From Energy Hub to Green City: Applying the Växjö Model to Mingachevir, Azerbaijan
DOI:
https://doi.org/10.62433/josdi.v4i1.75Keywords:
Green City, Sustainable Urbanization, Mingachevir, Växjö, Renewable Energy, AzerbaijanAbstract
This paper examines the applicability of the Växjö (Sweden) green city model to Mingachevir, Azerbaijan—a mid-sized industrial city of approximately 106,000 inhabitants functioning as the primary energy hub of the South Caucasus. Växjö, widely recognized as “Europe's Greenest City”, achieved more than a 60% reduction in per-capita CO2 emissions between 1993 and 2023 through an integrated strategy of biomass-based combined heat and power generation, renewable district heating, active mobility infrastructure, and inclusive multi-stakeholder governance.
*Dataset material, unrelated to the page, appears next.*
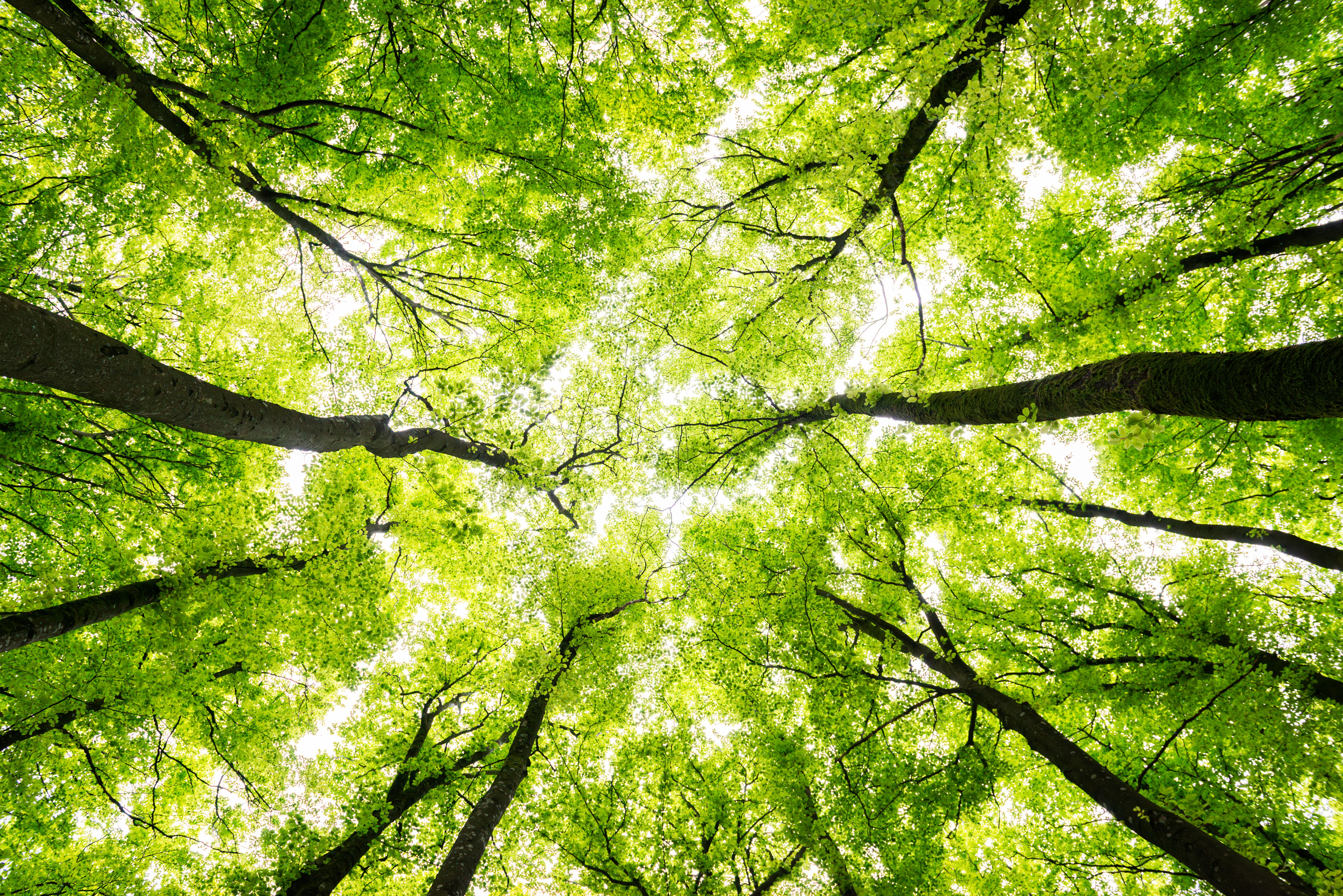 Beech forest tree tops Beech forest tree tops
Mingachevir possesses comparable structural advantages—significant renewable hydroelectric capacity, a large reservoir ecosystem, a manageable urban scale, and alignment with Azerbaijan's national green energy transition agenda—yet lacks a coordinated green urban development framework. Drawing on qualitative comparative case study methodology and a structured parallel analysis, this paper identifies transferable elements of the Växjö model and proposes a phased implementation roadmap for Mingachevir across three time horizons (2025–2035). The findings indicate that Mingachevir's unique position as an energy-producing city, combined with Azerbaijan's post-COP 29 sustainability commitments and the forthcoming World Urban Forum 2026, creates a historically opportune window to pioneer green city transformation in the South Caucasus. The study contributes to sustainable urban development scholarship in transition economies and offers actionable policy recommendations aligned with United Nations Sustainable Development Goal 11.